The concept of the power of words in Hebrew versus Greek thought. To reclaim the power of the word is desperately needed in our times. I’m looking for models in history of cultures which valued the power of words!
Spoken words especially had great power in native cultures as well; but specifically in Jewish culture. Words had power. Curses and blessings are based on this power. Word is life. Has charge. The potency of words has been a bit lost in our times. We use language rather than embody it. Buber conversely speaks of the two orientations towards Reality as Word phrases! Something we speak! Make sense that Martin Buber the great 20th C Jewish thinker, used language itself as his core metaphor of how to live well!
His words “did things to people”—J Knox
Thinking about the power of words today! Some cultures value them more than others—the inner power of words. Native Americans tend to, as did the Jews—the power of language to create. So it makes sense, with Buber that his two basic life orientations were how we spoke. Speaking creates things in others. Words carry the power of life and death—either curses or blessings are spoken daily to and from us.
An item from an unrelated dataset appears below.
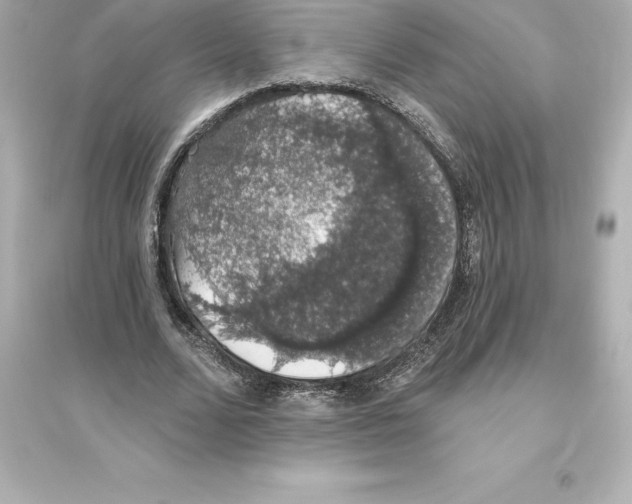 X0000093620680200711121236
“‘Careful with fire,’ is good advice we know,
Careful with words,’ is ten times doubly so.”, as the saying goes…
In certain cultures (lots of indigenous cultures, and the Jewish culture as well), words were seen as activators, creative life force, something which call forth either death or life in things and others. Covenants themselves are of course lodged in words. In ours at times, we often just use language to do things, or don’t consider what life is contained in its syllables and cadences, much less it’s tone.
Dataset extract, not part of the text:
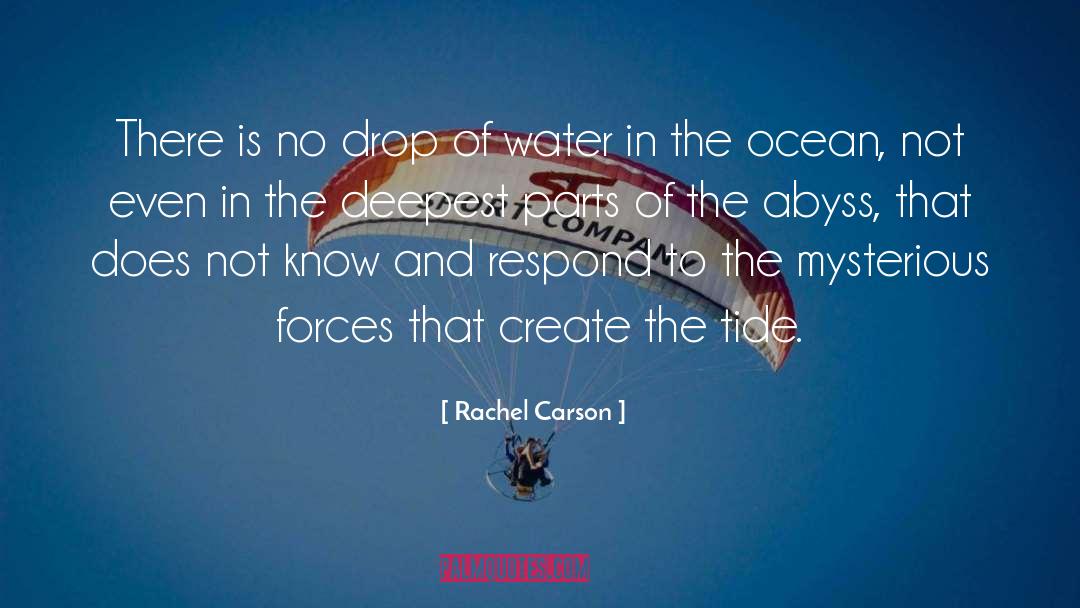 Abyss quotes by Rachel Carson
When St John called Jesus The Word he was tying together both greek and hebrew concepts of God. But it is interesting, that He called Jesus The Living Word become flesh!
One of my spiritual mentors said: be careful, especially as you have a gift with words, not to use, but rather choose your words. Language intrinsically has a gift of life or death. Choose life, hourly with your words.
Or as William Barclay points out about the power of words in Jewish culture:
To the Jew a word was far more than a mere sound; it was something which had an independent existence and which actually did things. As Professor John Paterson has put it: “The spoken word to the Hebrew was fearfully alive…. It was a unit of energy charged with power. It flies like a bullet to its billet.” For that very reason the Hebrew was sparing of words. Hebrew speech has fewer than 10,000; Greek speech has 200,000.